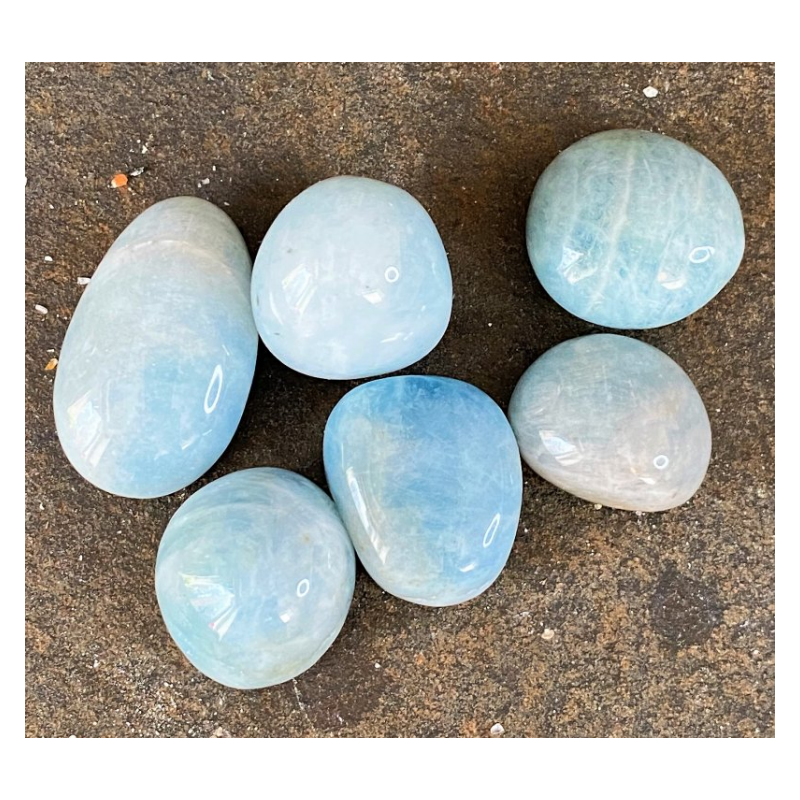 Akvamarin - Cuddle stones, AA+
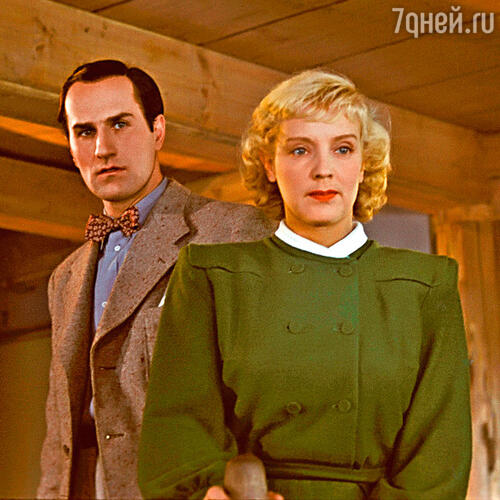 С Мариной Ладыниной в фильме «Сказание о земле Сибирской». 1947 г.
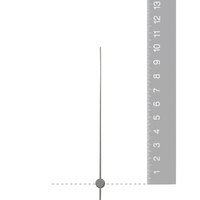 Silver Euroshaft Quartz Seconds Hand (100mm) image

• • • •

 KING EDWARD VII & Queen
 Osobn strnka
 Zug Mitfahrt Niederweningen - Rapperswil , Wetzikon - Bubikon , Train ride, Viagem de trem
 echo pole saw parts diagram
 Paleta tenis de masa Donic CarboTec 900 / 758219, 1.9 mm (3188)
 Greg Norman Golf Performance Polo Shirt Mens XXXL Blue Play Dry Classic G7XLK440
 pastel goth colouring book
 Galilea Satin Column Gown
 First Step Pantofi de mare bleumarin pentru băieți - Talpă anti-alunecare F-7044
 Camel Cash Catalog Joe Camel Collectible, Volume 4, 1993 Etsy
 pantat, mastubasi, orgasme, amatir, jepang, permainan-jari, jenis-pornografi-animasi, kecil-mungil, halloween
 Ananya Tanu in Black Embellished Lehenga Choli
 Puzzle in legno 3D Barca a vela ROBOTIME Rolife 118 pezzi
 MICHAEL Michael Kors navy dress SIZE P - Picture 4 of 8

• • • •

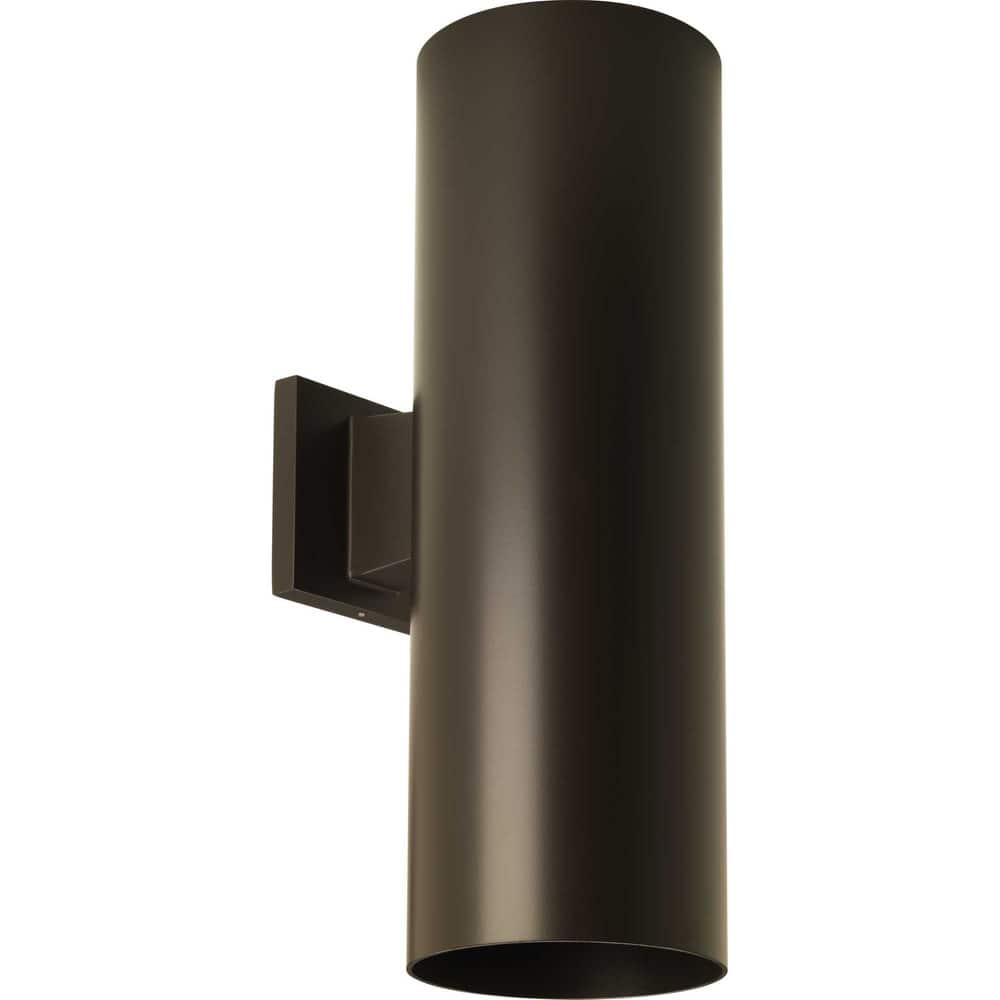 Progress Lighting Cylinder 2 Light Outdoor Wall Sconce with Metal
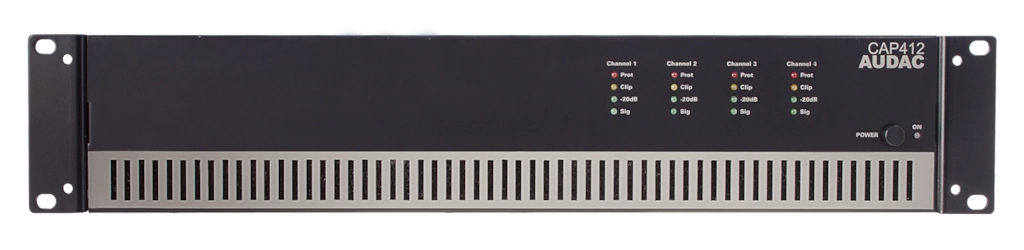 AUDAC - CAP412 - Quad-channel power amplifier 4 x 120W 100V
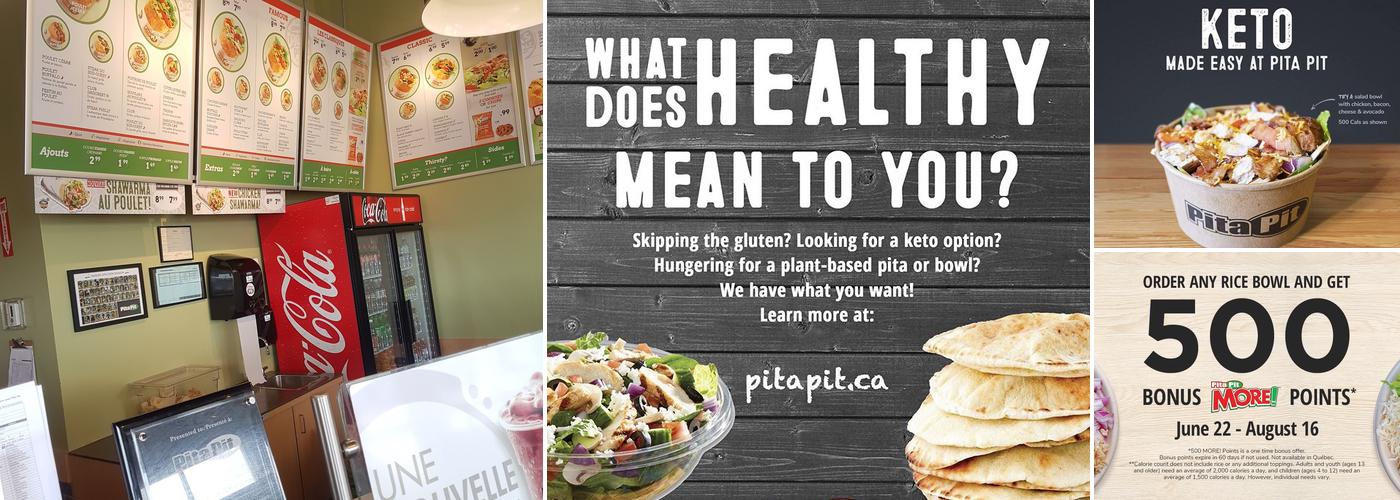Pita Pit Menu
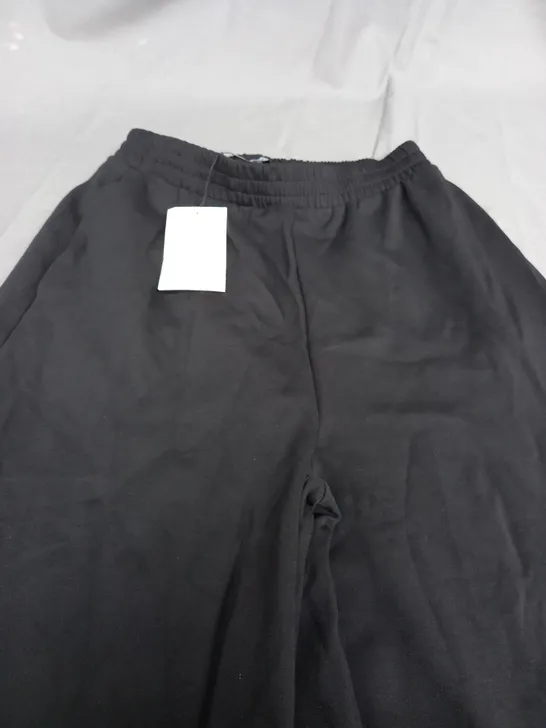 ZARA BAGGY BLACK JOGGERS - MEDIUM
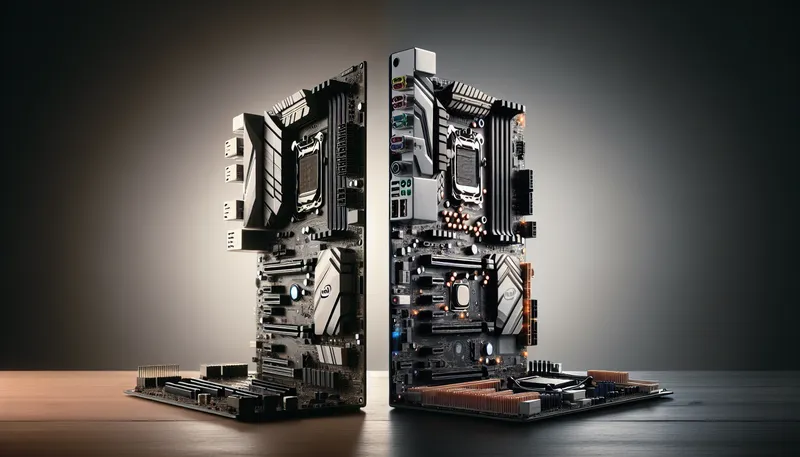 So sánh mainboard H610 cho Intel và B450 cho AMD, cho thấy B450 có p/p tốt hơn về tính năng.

• • • •

INSTRUCTIONS FOR THE TASK: What do the lines above say from the one containing "jenis-pornografi-animasi, kecil-mungil, halloween" down to the one containing "MICHAEL Michael Kors"? Return them exactly, both end lines included, and only them.

SOLUTION FOR THIS PROBLEM:
 pantat, mastubasi, orgasme, amatir, jepang, permainan-jari, jenis-pornografi-animasi, kecil-mungil, halloween
 Ananya Tanu in Black Embellished Lehenga Choli
 Puzzle in legno 3D Barca a vela ROBOTIME Rolife 118 pezzi
 MICHAEL Michael Kors navy dress SIZE P - Picture 4 of 8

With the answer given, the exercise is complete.